- Benjamin Franklin
Arbitrator Certification, Credentialing, and Rosters
Updated April 2013
Certification, credentialing, and rosters are often lumped together under "qualifications", but are actually three completely different concepts. Certification is an official designation that an arbitrator has met certain standards. Credentialing is the process by which an official or quasi-official body decides what standard is set for a practitioner, and it can also mean the act of obtaining those credentials. Rosters, meanwhile, are the lists of professionals which the roster providers in question have determined to be appropriately credentialed; this may or may not involve any formal certification.
Attorneys and clients who are choosing an arbitrator need to understand all three of these terms; managers of rosters need much more, including an understanding of processes of credentialing and certification.
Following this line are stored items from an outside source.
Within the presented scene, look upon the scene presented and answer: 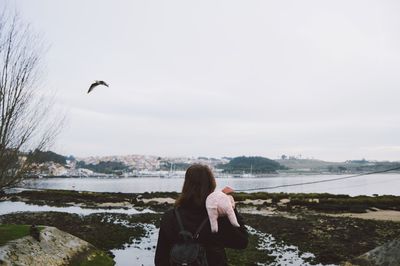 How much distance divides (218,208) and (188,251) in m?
0.46

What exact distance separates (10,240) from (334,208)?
30.6 meters

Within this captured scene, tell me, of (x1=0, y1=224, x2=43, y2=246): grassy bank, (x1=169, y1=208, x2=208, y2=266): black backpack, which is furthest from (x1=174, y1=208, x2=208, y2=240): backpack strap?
(x1=0, y1=224, x2=43, y2=246): grassy bank

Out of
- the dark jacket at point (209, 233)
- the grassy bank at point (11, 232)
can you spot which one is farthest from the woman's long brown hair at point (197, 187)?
the grassy bank at point (11, 232)

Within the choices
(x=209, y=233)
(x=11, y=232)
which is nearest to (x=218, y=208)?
(x=209, y=233)

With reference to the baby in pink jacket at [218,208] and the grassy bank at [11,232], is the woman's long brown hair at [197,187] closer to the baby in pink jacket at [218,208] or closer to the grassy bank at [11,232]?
the baby in pink jacket at [218,208]

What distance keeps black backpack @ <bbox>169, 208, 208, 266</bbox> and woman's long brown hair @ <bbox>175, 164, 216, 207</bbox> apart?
0.54 ft

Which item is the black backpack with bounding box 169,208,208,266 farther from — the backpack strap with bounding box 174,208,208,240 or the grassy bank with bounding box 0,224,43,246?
the grassy bank with bounding box 0,224,43,246

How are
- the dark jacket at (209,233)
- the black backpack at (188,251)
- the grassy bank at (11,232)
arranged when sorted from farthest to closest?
the grassy bank at (11,232) < the dark jacket at (209,233) < the black backpack at (188,251)

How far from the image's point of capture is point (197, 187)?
11.6 feet

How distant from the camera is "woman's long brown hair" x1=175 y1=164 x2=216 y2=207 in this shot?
3496 millimetres

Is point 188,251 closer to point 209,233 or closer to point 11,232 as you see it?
point 209,233

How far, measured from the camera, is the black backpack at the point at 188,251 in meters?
3.34

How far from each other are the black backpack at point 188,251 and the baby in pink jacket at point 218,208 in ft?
0.31

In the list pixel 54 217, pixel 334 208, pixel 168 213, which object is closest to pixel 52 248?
pixel 168 213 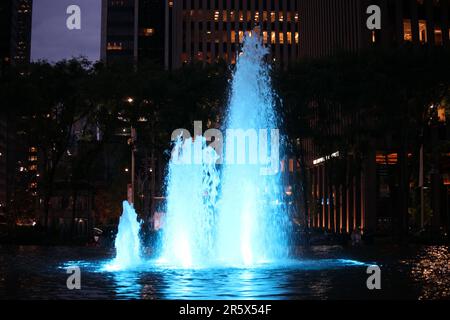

Typical systems for credentialing, certification, and rosters vary depending on which is under discussion.
Setting credentials for arbitrators typically involves one or a combination of paper qualifications, performance-based assessment, and experience requirements. Paper qualifications may include advanced degrees or other specialized education, or proof that a particular training course has been completed. Performance-based assessment involves either observation in actual cases by an experienced arbitrator who rates the new arbitrator's performance according to a series of performance criteria, or a similar observation in a simulated case. But unlike in mediation, where the meeting itself is the key opportunity for observation, the core of an arbitrator's work is often performed outside the presence of the parties, when the decision is made and (in many systems) a full rationale is written. In arbitration systems calling for a full written rationale for the decision, typical criteria include ability to understand the facts, and to interpret conflicting facts sensibly; to then decide the case according to the standards which actually apply to that case, typically contractual; and the ability to explain the decision convincingly and in terms which the losing party will recognize as having "had its day in court", if not agree with.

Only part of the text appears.